Esa amistad no supone la absorción del individuo en Dios, sino más bien la transformación de las diferencias en una unión de amor más elevada. El camino a esta unión más alta supone conversión y purificación y como tal toma la forma de la Cruz.

En su análisis de las virtudes teológicas (que debe mucho al trabajo de Josef Piper, el filósofo tomista que le presentó al cardenal Wojtyla), se incluye un relato de la forma en la que las virtudes han experimentado mutaciones en la cultura moderna y postmoderna. La gente todavía cree cosas, espera cosas y ama cosas, pero en formas que son altamente problemáticas. Hay más fe en la ciencia que en Cristo, más esperanza en la prosperidad material que en la vida eterna, y una gran confusión sobre la relación entre eros y agape. También existe confusión sobre como se relacionan fe y razón. Aquí es significativo que cuando Ratzinger habla de "razón" no quiere decir lo mismo a lo que se refiere Immanuel Kant. Su comprensión de esta relación era agustiniana, no postkantiana, y eso explica su aversión a algunas escuelas del tomismo preconciliar. La filosofía, para Ratzinger, no debería ser la pura razón de Kant o Descartes, sino que debería aceptar la contribución de la revelación divina y así hacerse compañera de la teología al buscar analizar los frutos de la revelación. Esto produce una significativa diferencia en la epistemiología cristiana.

A veces se ha dicho que los Estados Unidos no tuvieron un siglo XIX. La filosofía romántica que tanto influyó en Europa (especialmente en Alemania) en aquel siglo no supo cruzar el Atlántico. Tal vez sea por eso que todavía sea posible encontrar católicos norteamericanos que encuentran difícil comprender porque alguien puede decir que la crisis teológica más seria del siglo XX era llegar a una comprensión de la mediación de la historia en el plano de la ontología. Para aquellos que comprendieron que la intelectualidad católica tiene poca o ninguna credibilidad sin esto y que la nueva evangelización depende de que la Iglesia encuentre una solución a ello, las obras teológicas de Joseph Ratzinger continuarán ofreciendo inspiración en fragmentos del problema.

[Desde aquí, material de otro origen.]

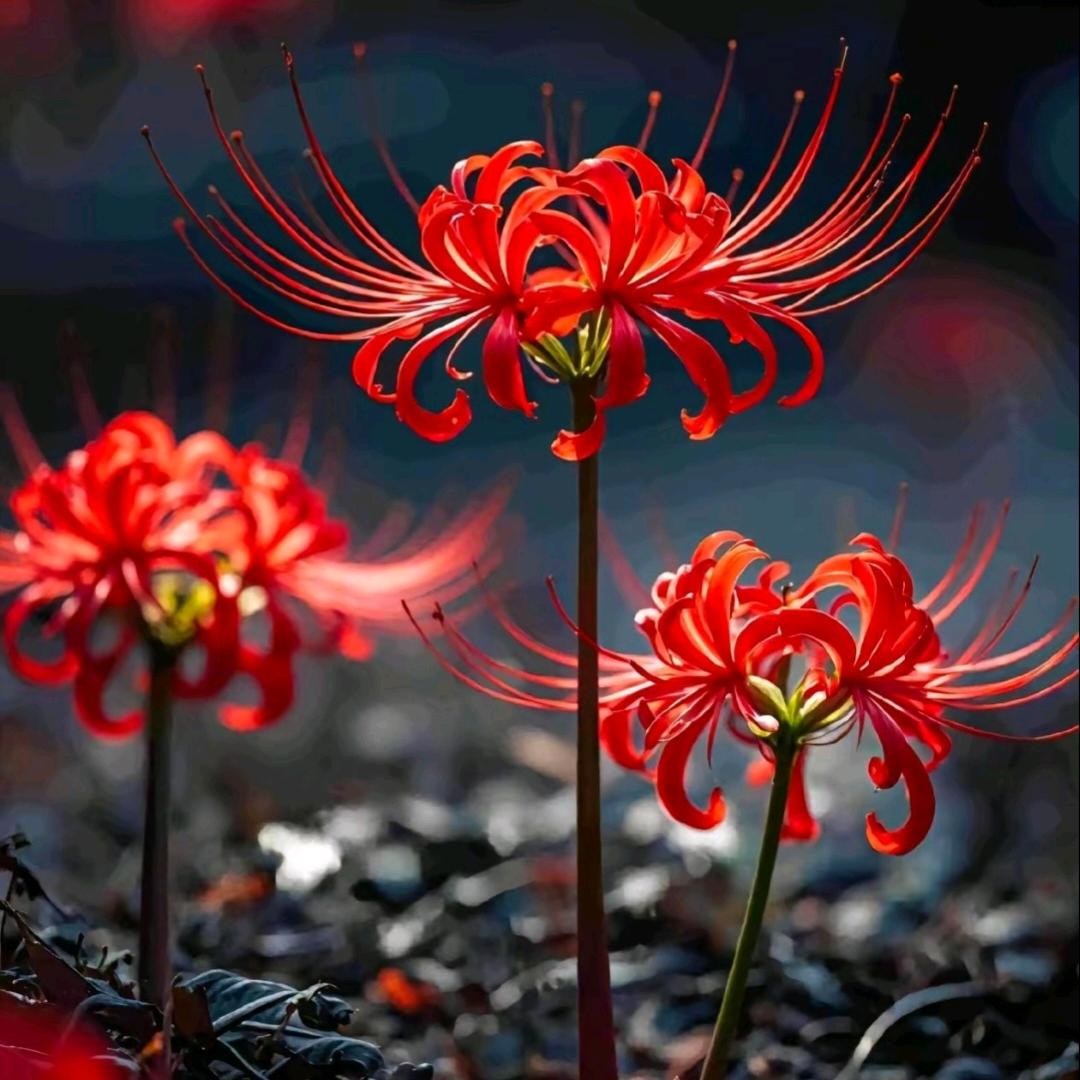 @ℳ*过期的拥抱*ℳ:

La vida de Joseph Ratzinger fue un largo y heroico desarrollo intelectual, en el que comprometió todo su corazón -un drama teológico con toda la emoción de un festival de Bayreuth-. En el caso de Ratzinger, sin embargo, la piedad católica bávara triunfó sobre lo que sea que hay en el espíritu alemán que permanece nostálgico de los héroes paganos.